Beginning with the story of how she caught herself on fire at the ripe old age of three, The Glass Castle follows Jeannette’s childhood of living a nomadic lifestyle with her alcoholic father, Rex, self-centered mother, Rosemary, and her three siblings, Lori, Brian, and Maureen. It’s mostly set in the family’s four most prominent settlements, Battle Mountain, Phoenix, Erma’s house, and their house in Welch. 

Her story revolves a lot around her relationship with her father, Rex. Rex was a charismatic alcoholic. A brilliant man when he was sober, he captured his children’s imaginations and turned their constant fleeing into adventures. Or, at least that's what Jeannette thought for the earliest years of her childhood. As she grew older and matured she started to see through his facades, realizing how bad his drinking had gotten, how he could never hold a job, how he spent every last cent he could scam away from his family on booze and gambling. It was during his clean periods that his true colors really showed through though, he actually did try to make his kids happy. Like how he taught his kids seemingly useless things, like binary code, for fun, and how one year he gave them all stars for Christmas and Jeannette chose Jupiter. But these good times just make the bad ones feel even worse. For example, the time he bought the family a steak dinner so he could steal Rosemary’s teaching wages, or when he stole the money the kids had been saving in order to move to New York and spent it on a luxury car. Yet, in the end, after all that, you can tell that Jeannette truly believed in him and loved him because of how devastated she was when he died. 

Another reaction to Rex’s death that really highlighted some character was what Rosemary did immediately after he died. She first notices that something is wrong with him as she is heading out to walk a dog, and instead of calling an ambulance or trying to get help, she just keeps walking the dog so she doesn’t have to deal with it. This is just one of many times where her reckless ignorance puts her family in danger. There is also the time where the family has no money for food, and while everyone else was losing weight it turned out that she had been gaining it because she was spending money that could have fed her family on chocolate. Similarly, she has a rule that her kids can’t mention that they're struggling and have to pretend that everything is fine and constantly moving around and starving is fun. This comes to light after she yells at Jeannette and Lori for eating the last food in the house, a stick of margarine. Rosemary also never bothered to even try to make a better life for her kids. The few times she held a job as a teacher she would refuse to get up in the mornings to go and the kids had to drag her to school and help her grade papers as if they were the parents and she was the kid. Overall, throughout the story, when push came to shove, Rosemary has been self-centered and ignorant to the point of neglecting and even sometimes endangering her kids and never tried to make better lives for them or even show she cared at all. 

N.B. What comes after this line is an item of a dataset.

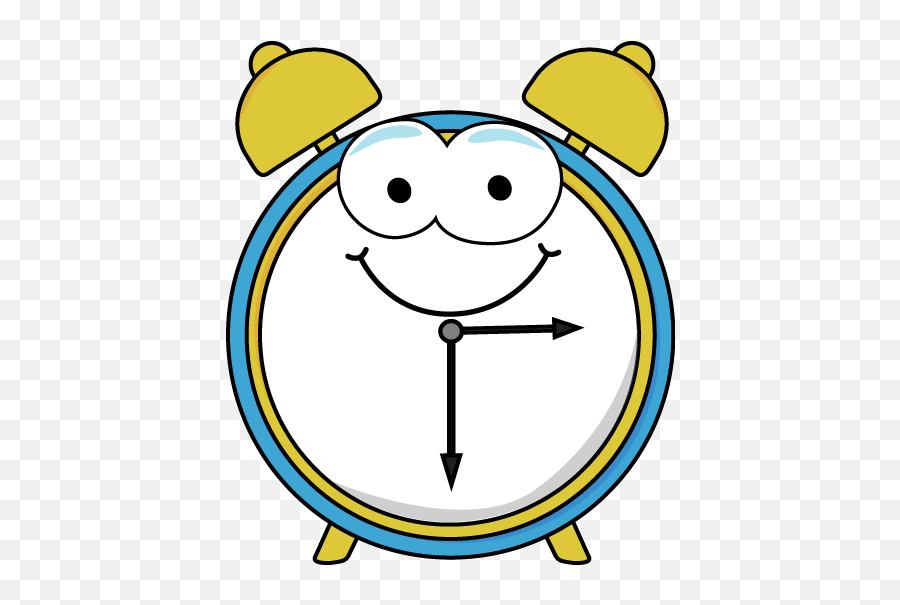 Clock Png - Unicoi State Park Cartoon Clock Clipart,Clock Png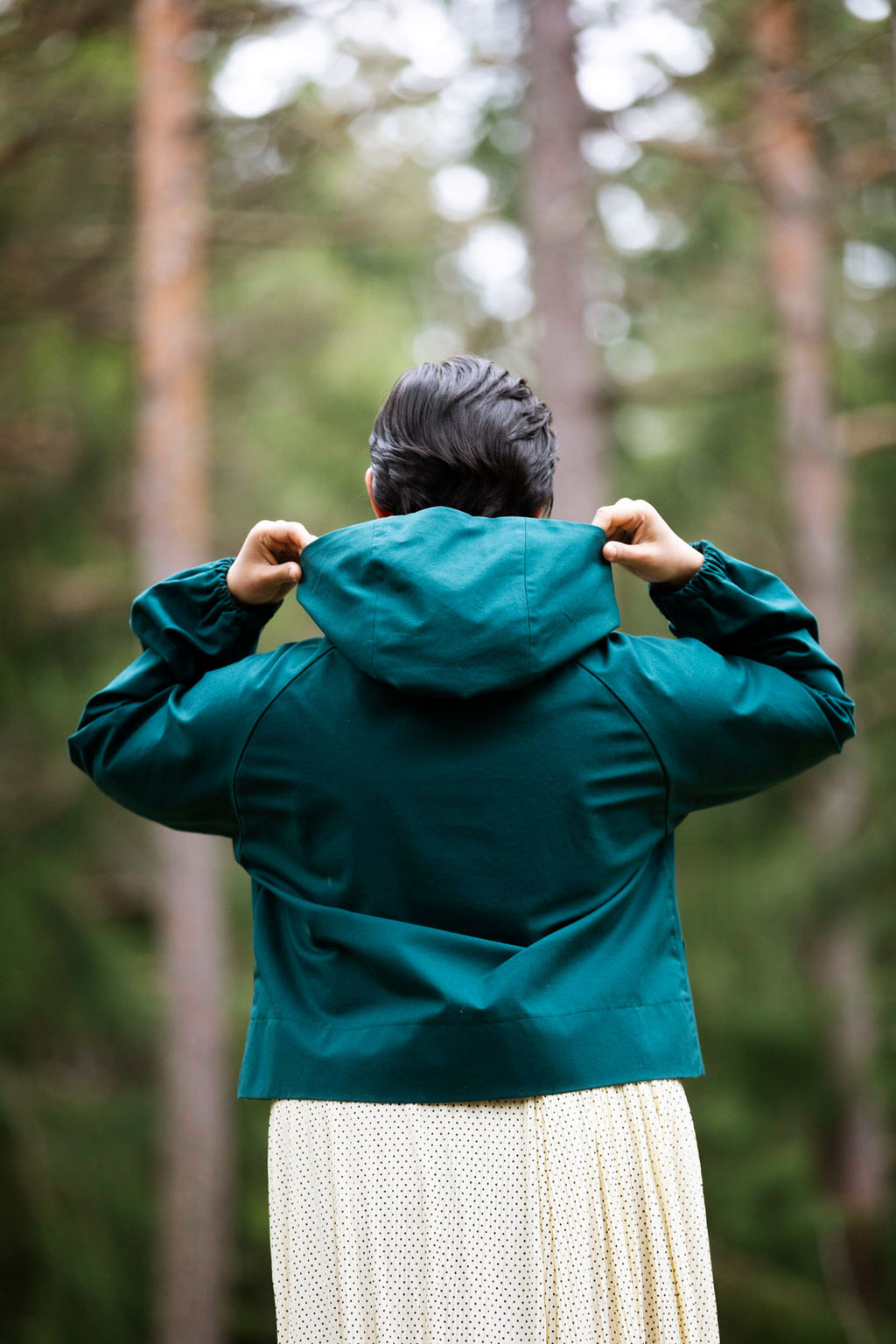Nietos Coat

The other prominent family members in Jeannette's childhood were her siblings, Lori, Brian, and Maureen. Though they aren't featured as often as the other characters you can still tell a bit about them. The oldest is Lori, she is intelligent and helped her mom grade homework and write lesson plans while she was teaching. Overall, she probably did more teaching than her mother did. She didn't go on adventures with the other kids when she was little because of her poor vision, instead she liked to read and do art with her mom and was the closest to her between the siblings. The next oldest sibling, older than Maureen but younger than Jeannette and Lori, was Brian. He was always there to protect his sisters and was always there to comfort them during the struggles. He was the most mature of the siblings as well as the closest to Jeannette. Being the only brother Brian feels like he has to be a head of the house and takes odd jobs to help support the family. Maureen is the youngest sibling, born when Jeannette was around six, and we don’t see much of her in the book because she is always staying with friends to escape her home life. Being so young, Maureen, unfortunately, missed out on the better situations in Jeannette’s early years, but being the youngest also meant that her older siblings felt the need to protect her. Making her outcome all the more sad because, after all the other siblings did to make a better life for her, she ended up just like her parents and even ended up stabbing her mother.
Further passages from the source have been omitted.